Tapi sikap Ajeng ditolak oleh kader Demokrat seperti Max Sopacua, Johnny Allen, Saan Mustopa dan Gde Pasek Suardika. Dihubungi kemarin, Max membantah Majelis Tinggi akan menyodorkan satu nama dalam kongres untuk ditetapkan menjadi ketua umum secara aklamasi. "Kongreslah yang nanti akan memutuskan. Di arena kongres semua bisa terjadi."
Wakil Ketua Umum Demokrat Johny Allen Marbun menegaskan bahwa pemilihan ketua umum tetap tergantung kesepakatan peserta kongres. Majelis Tinggi atau pihak manapun, kata Johnny, tak bisa memaksa satu mekanisme tertentu. "Kongres itu tak berjalan di luar forum, semua berjalan dan disepakati di kongres."
Pendapat Johny diamini kader Demokrat lain, Gede Pasek Suardika.

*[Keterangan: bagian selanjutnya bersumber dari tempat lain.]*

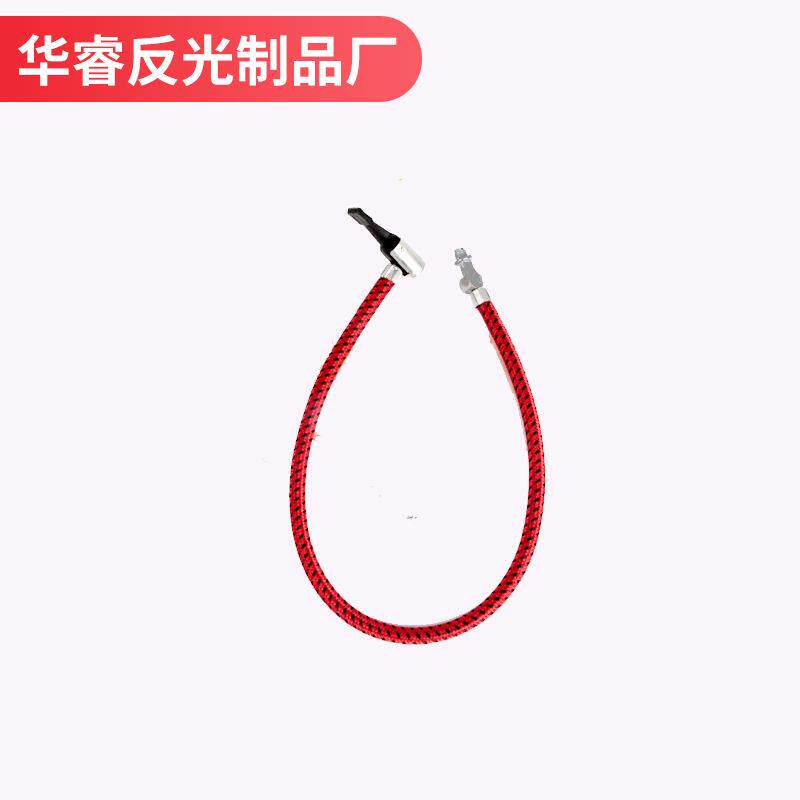 汽车打气筒配件美式气带多功能汽车气绳自行车气嘴软管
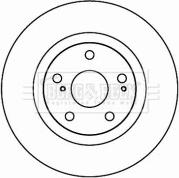 Borg & Beck BBD4606 - Discofreno autozon.pro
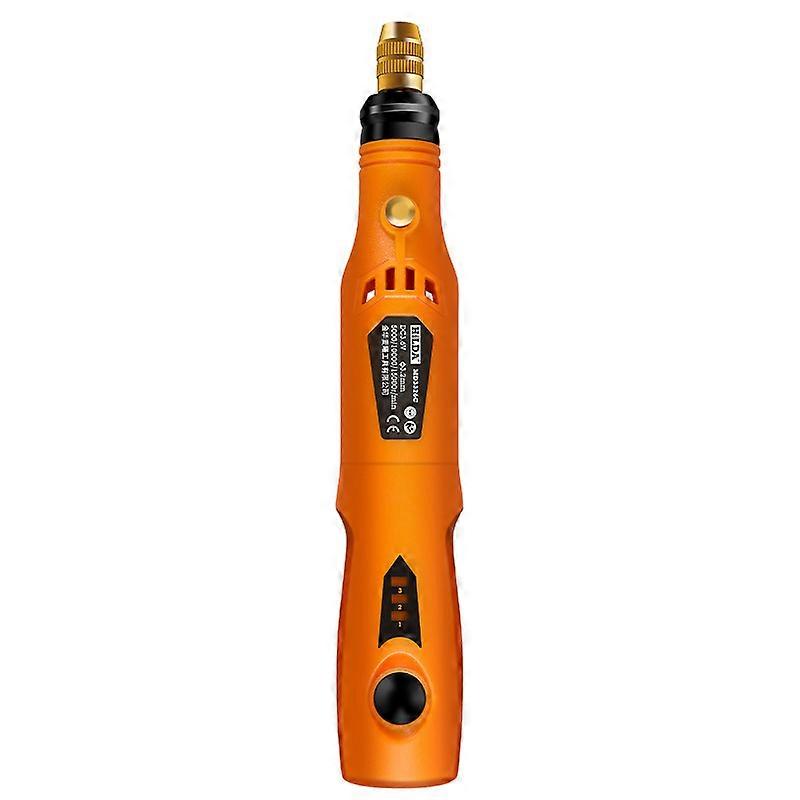 Mini Electric Grinder 3.6V Adjustable Speed Polishing Engraving Grinding Pen Rotary Tool for Precision Crafting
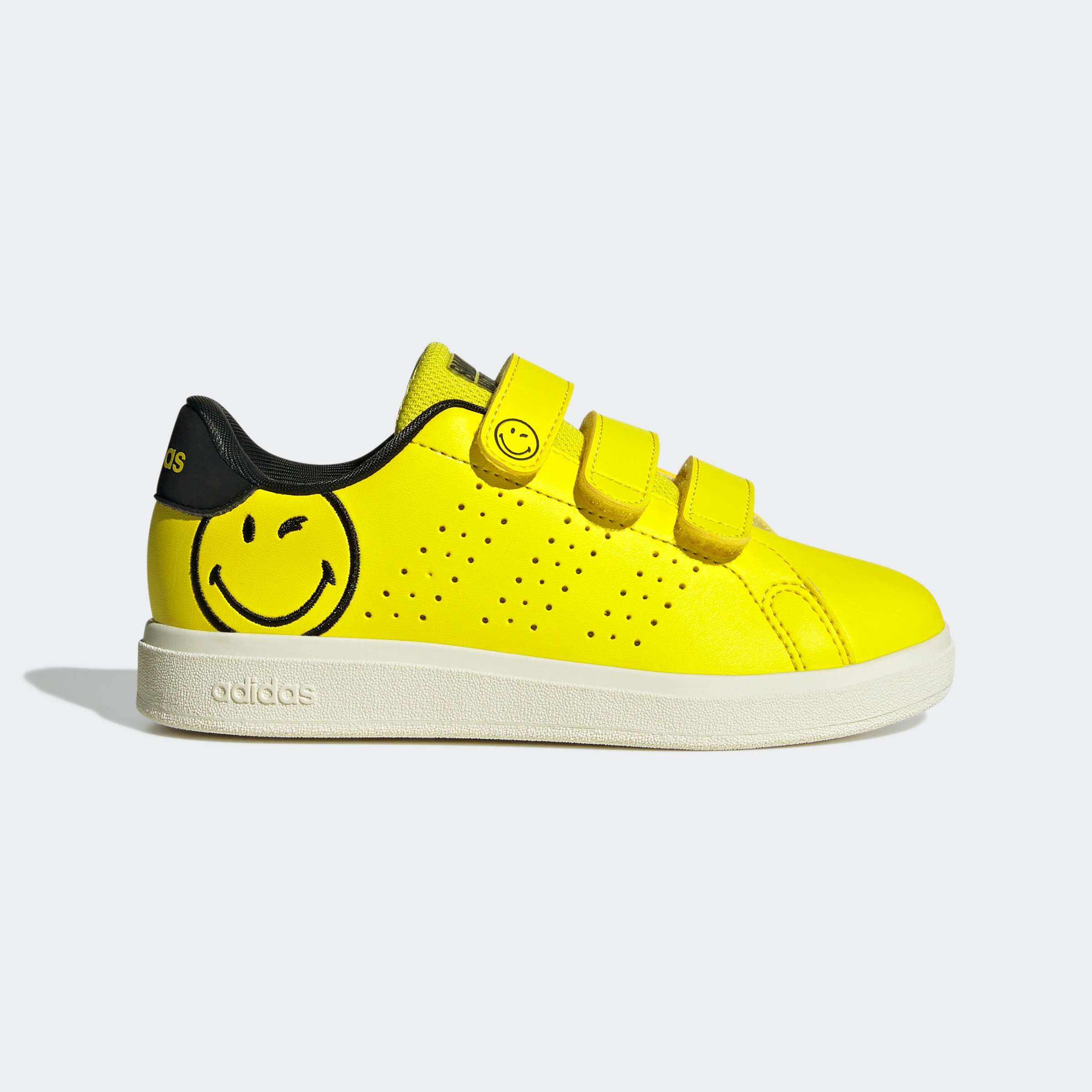 adidas Sportswear Klettschuh, Design auf den Spuren des adidas Stan Smith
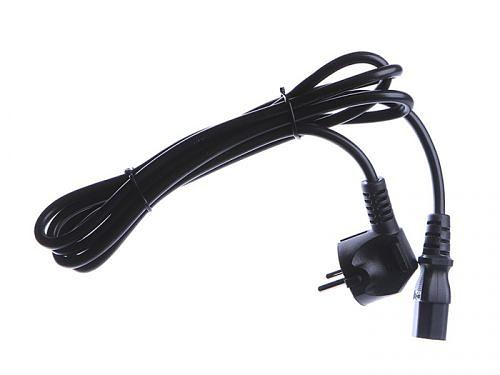 Power Cube Шнур ПВС-АП 3*1,00 S22C13-250-16-5, черный, 1,8 м, C13, 3x1.00, 10А, Россия (RPC-186BLXL-PRO1,8) фото 1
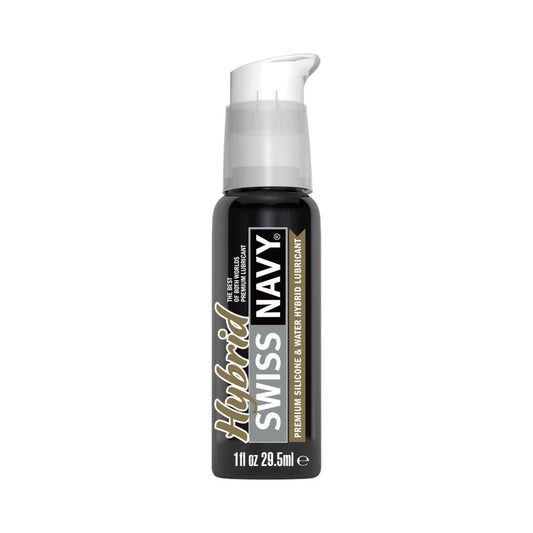 SWISS NAVY HYBRID LUBRICANT 1 OZ.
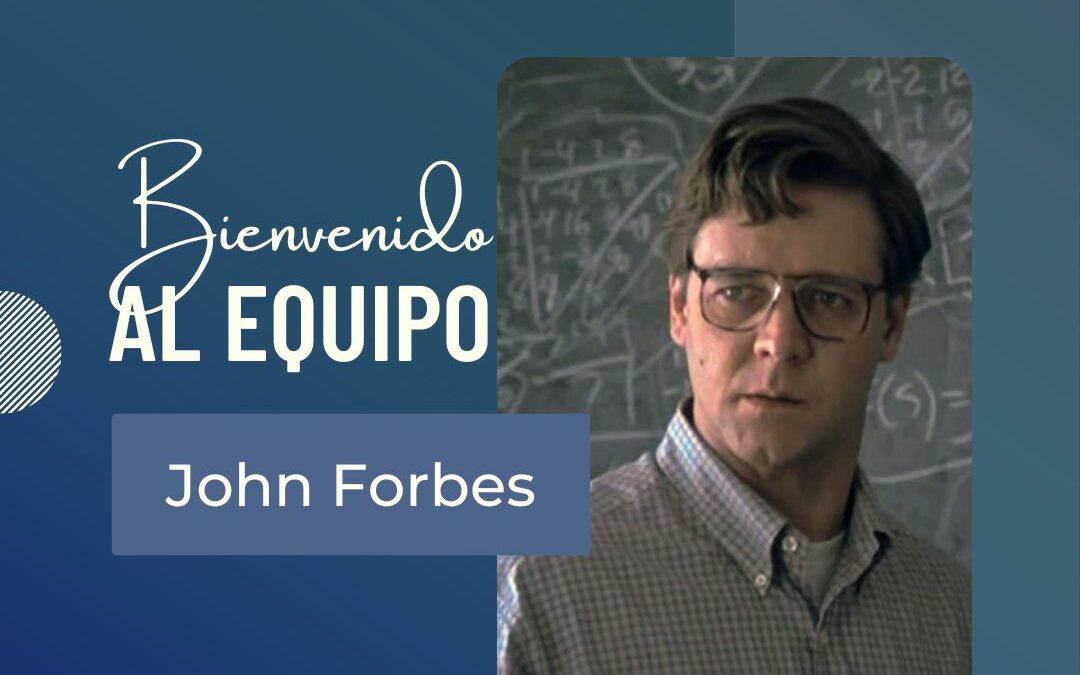 BIENVENIDO PROFESOR JOHN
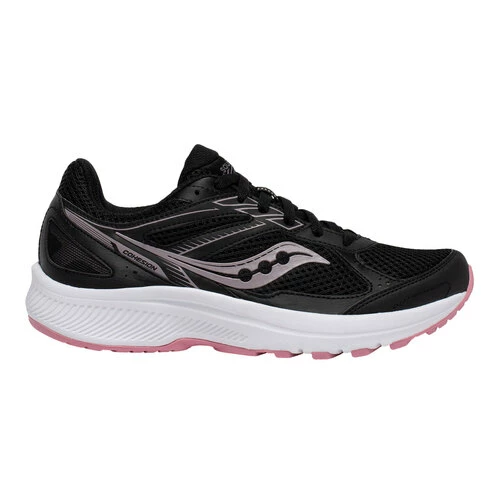 Outlet π Saucony Grid Cohesion 14 π© Women's Running π Shoes Black/Pink β 3 Outlet π Saucony Grid Cohesion 14 π© Women's Running π Shoes Black/Pink β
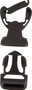 QUICK ATTACH BUCKLE 1" BLACK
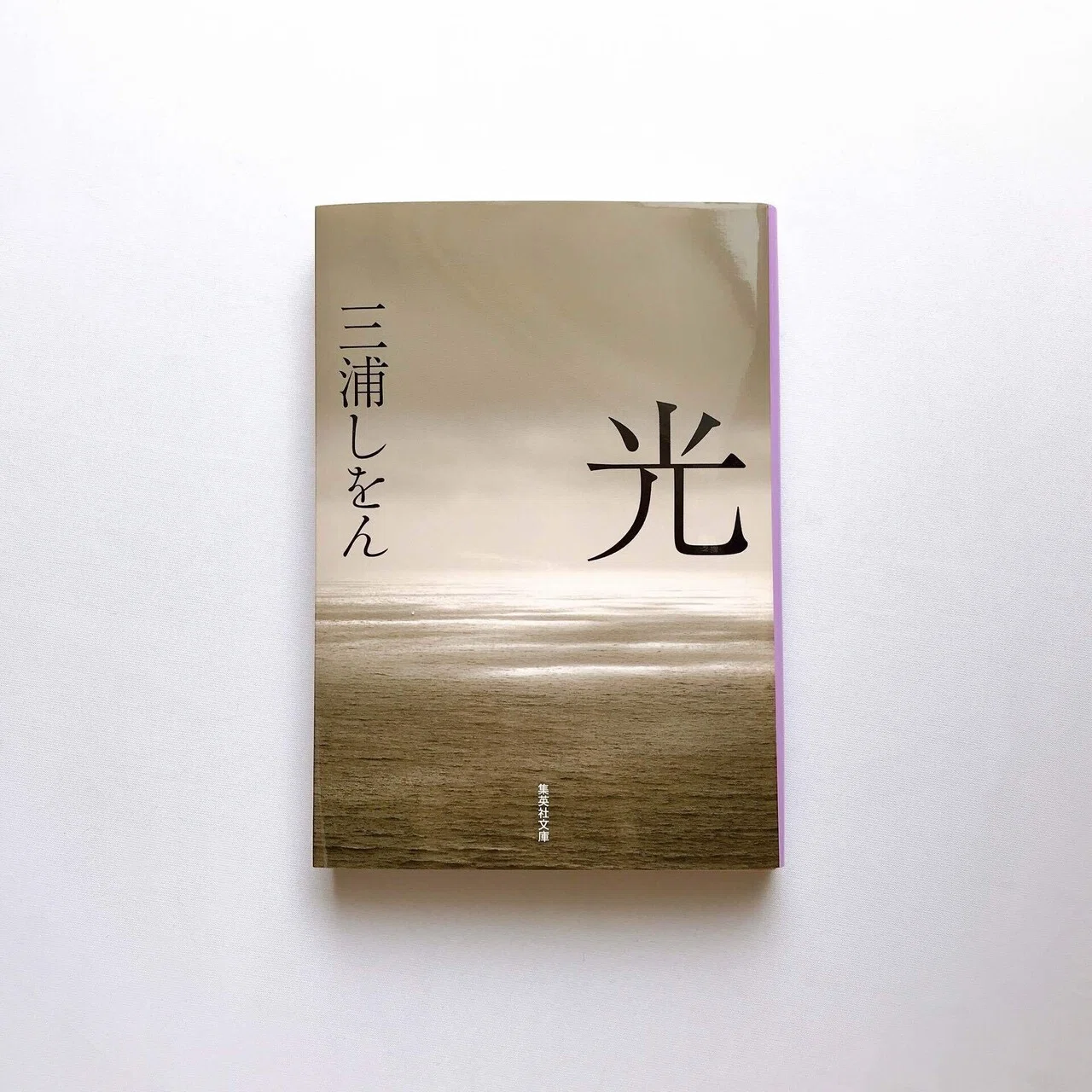 読書人間📚『光』三浦しをん｜murata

Dia menilai Majelis Tinggi tak bisa mengatur-ngatur proses KLB termasuk memaksakan proses aklamasi. "Kongres adalah forum tetinggi, jadi apapun bisa terjadi. Dan ingat, yang punya suara di kongres adalah Dewan Pembina, Dewan Pimpinan Pusat, Dewan Pimpinan Daerah, dan Dewan Pimpinan Cabang."
Wakil Sekretaris Jenderal Demokrat Saan Mustopa lebih keras lagi. Menurutnya, proses aklamasi yang coba didorong oleh Majelis Tinggi bukan cara yang terbaik untuk memilih ketua umum. "Buat saya tak ada problem aklamasi, tapi akan jauh lebih baik kalau ruang untuk berkompetisi itu semua kader."